See the map of this aquifer here: http://www.naturalnews.com/images/O...
Without the Ogallala Aquifer, America's heartland food
production collapses. No water means no irrigation for the
corn, wheat, alfalfa and other crops grown across these states to
feed people and animals. And each year, the Ogallala Aquifer drops
another few inches as it is literally being sucked dry by the tens
of thousands of agricultural wells that tap into it across the
heartland of America.
This problem with all this is that the Ogallala Aquifer isn't
being recharged in any significant way from rainfall or
rivers. This is so-called "fossil water" because once
you use it, it's gone. And it's disappearing now faster than ever.

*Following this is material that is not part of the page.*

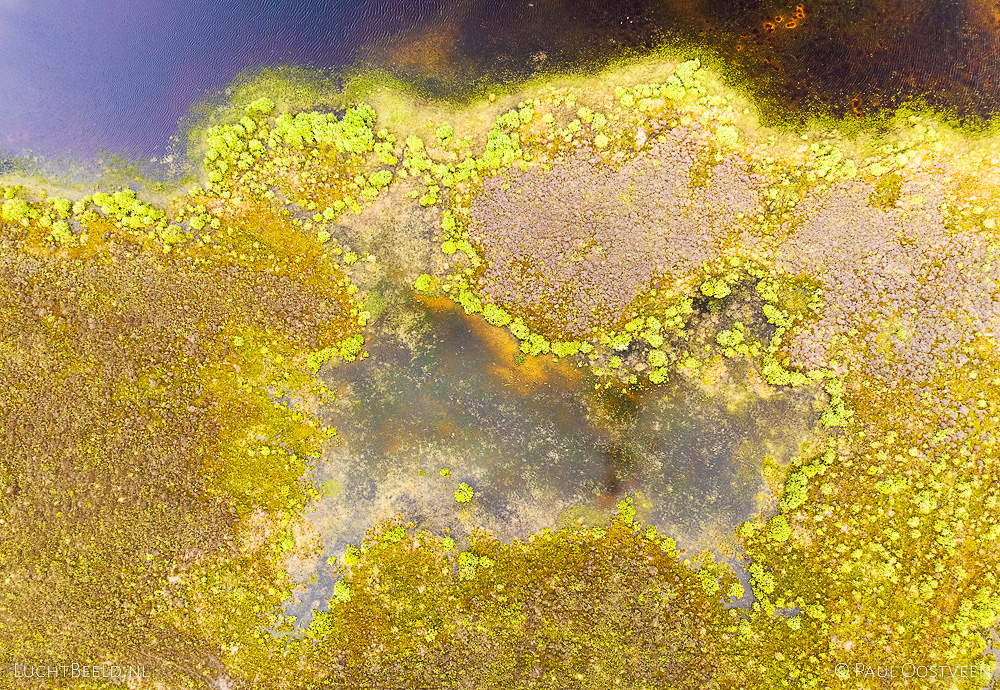 Abstracte luchtopname van de rand van een meer in Scharreveld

In some regions along the aquifer, the water level has dropped so
far that it has effectively disappeared -- places like Happy,
Texas, where a once-booming agricultural town has collapsed to
a population of just 595. All the wells drilled there in the
1950's tapped into the Ogallala Aquifer and seemed to provide
abundant water at the time. But today the wells have all run
dry.
Happy,
Texas has become a place of despair. Dead cattle. Wilted crops.
Once-moist soils turned to dust. And Happy is just the beginning
of this story because this same agricultural tragedy will be
repeated across Oklahoma, Nebraska, Kansas and parts of Colorado
in the next few decades. That's a hydrologic fact. Water doesn't
magically reappear in the Ogallala. Once it's used up, it's gone.
"There used to be 50,000 head of cattle, now there's
1,000," says Kay Horner in a Telegraph report (http://www.telegraph.co.uk/earth/83...).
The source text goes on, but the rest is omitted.